Ah ! si nous avions eu affaire à des républicains de la veille (non pas à ceux qui aiment la simplicité dans les palais qu’ils n’habitent pas, gens aimables qui veulent faire faire diète au prochain pour se guérir de leurs indigestions), si nous avions eu affaire à des républicains qui croient que la république ne peut pas se passer d’une certaine austérité ou d’une certaine raideur d’habitudes, si nous avions eu affaire à de pareils contradicteurs, nous aurions conçu plus aisément les objections qu’ils auraient faites aux frais de représentation. Quand ils auraient dit, par exemple, que voter une liste civile quasi-monarchique, c’était s’éloigner de l’esprit de la république, nous aurions eu peut-être de quoi leur répondre à ce propos, et même notre première réponse aurait été une question : Vous parlez de république, laquelle ? car nous en connaissons de diverses sortes. Mais cette controverse que nous aurions eue volontiers avec quelques sincères républicains de la veille, pouvions-nous de bonne foi l’avoir avec les personnes qui ne voulaient pas voter de frais de représentation, parce que c’était, disaient-elles, un commencement de monarchie, et que ce n’en était que le commencement ? Ou toute la république, dit-on, ou toute la monarchie. Nous rejetons hardiment ce dilemme comme inapplicable à l’état du pays. C’est un jeu de logique, et nous disons au contraire, dût la logique en murmurer, qu’il n’y aura de stabilité pour la république que si elle est un peu monarchique, et qu’il n’y aurait de stabilité aussi pour la monarchie, si elle se rétablissait, que si elle était un peu républicaine. Nous prétendons que ce gouvernement, formé d’idées et d’institutions différentes, est le gouvernement qui répond le mieux à l’état du pays, qui est fort complexe, où tout est mêlé, où la logique absolue n’est plus de mise, et qui vit, comme du reste vit un peu le monde depuis six mille ans, d’inconséquences, ou, pour mieux dire, par des raisons supérieures au raisonnement.

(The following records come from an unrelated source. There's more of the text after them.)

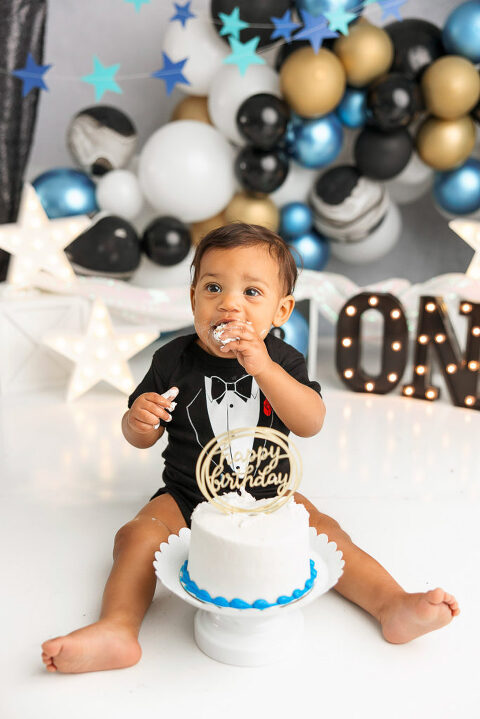 Kansas City Cake Smash Photographer Award Onderful session Black Gold Blue balloons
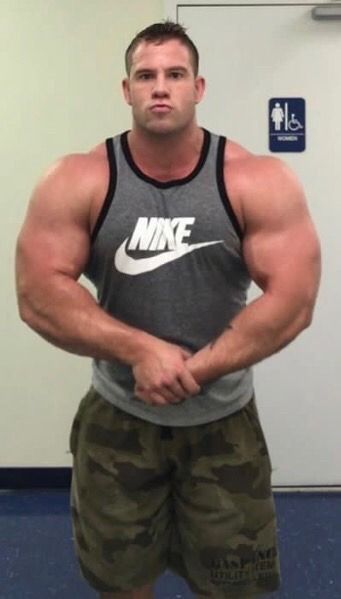 jimbibearfan:  bigtexmusc: skiinner1-us:  max14me:         Kyle Blevins in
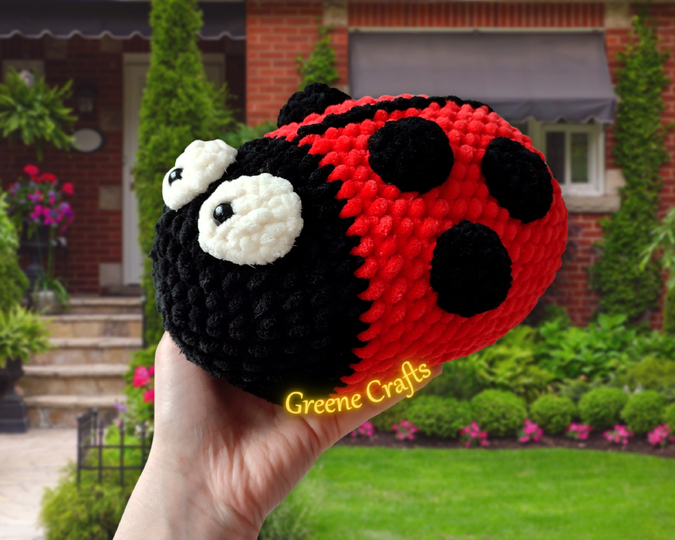 Reversible Bee / Ladybug Plush Toy Crochet Pattern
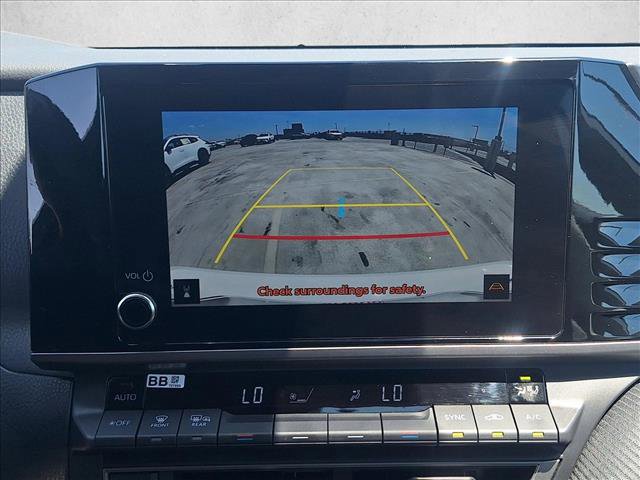 Used 2025 Toyota Camry SE FWD image 13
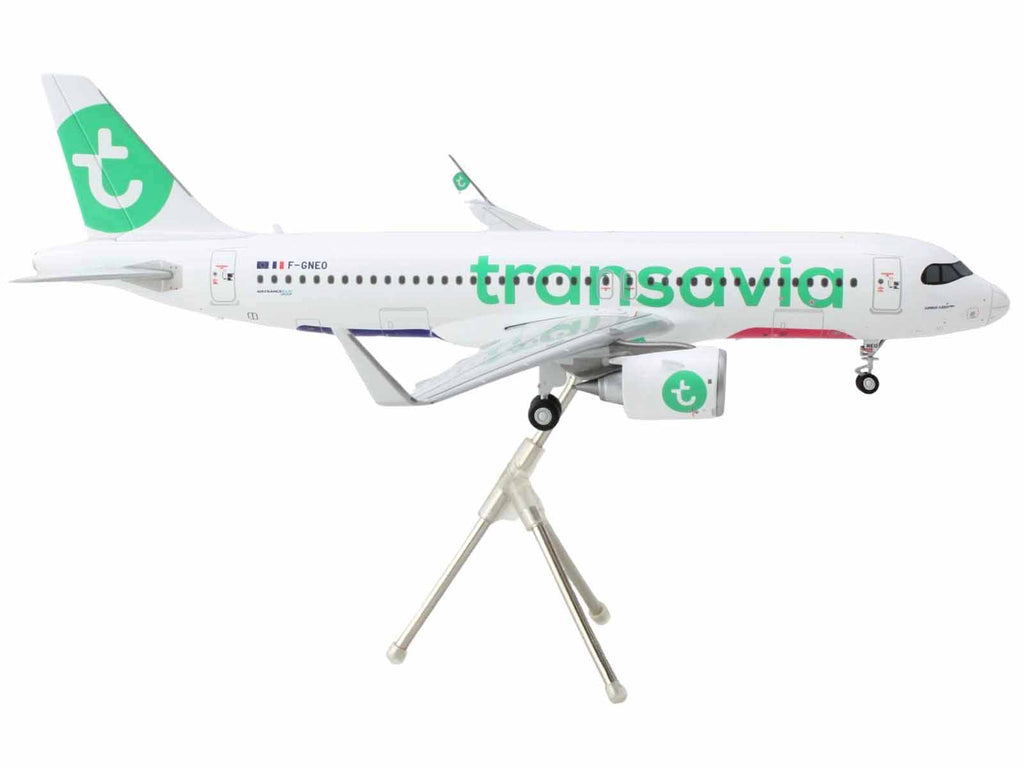 Airbus A320neo Commercial Aircraft 'Transavia Airlines' (F-GNEO) White with Green Tail 'Gemini 200' Series 1/200 Diecast Model Airplane by GeminiJets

Une république entourée d’institutions monarchiques peut seule succéder à une monarchie entourée d’institutions républicaines. Cela a l’air d’un paradoxe, et c’est là cependant la vraie pensée du pays, qui ne s’inquiète pas de vivre selon la logique, mais selon ses mœurs et ses idées, selon ses traditions modifiées par ses opinions, Eh ! ne voyez-vous pas, nous dira-t-on, que votre monarchie entourée d’institutions républicaines a abouti à la république ? Vous voudriez bien, nous comprenons votre pensée, que la république, entourée d’institutions monarchiques aboutît aussi à la monarchie. — La monarchie a mis dix-huit années, et dix-huit années heureuses, à aboutir à la république ; nous ne demandons pas mieux que la république mette le même temps pour aboutir à la monarchie, et nous savons bien des républicains qui passeraient le bail, si on voulait le leur assurer.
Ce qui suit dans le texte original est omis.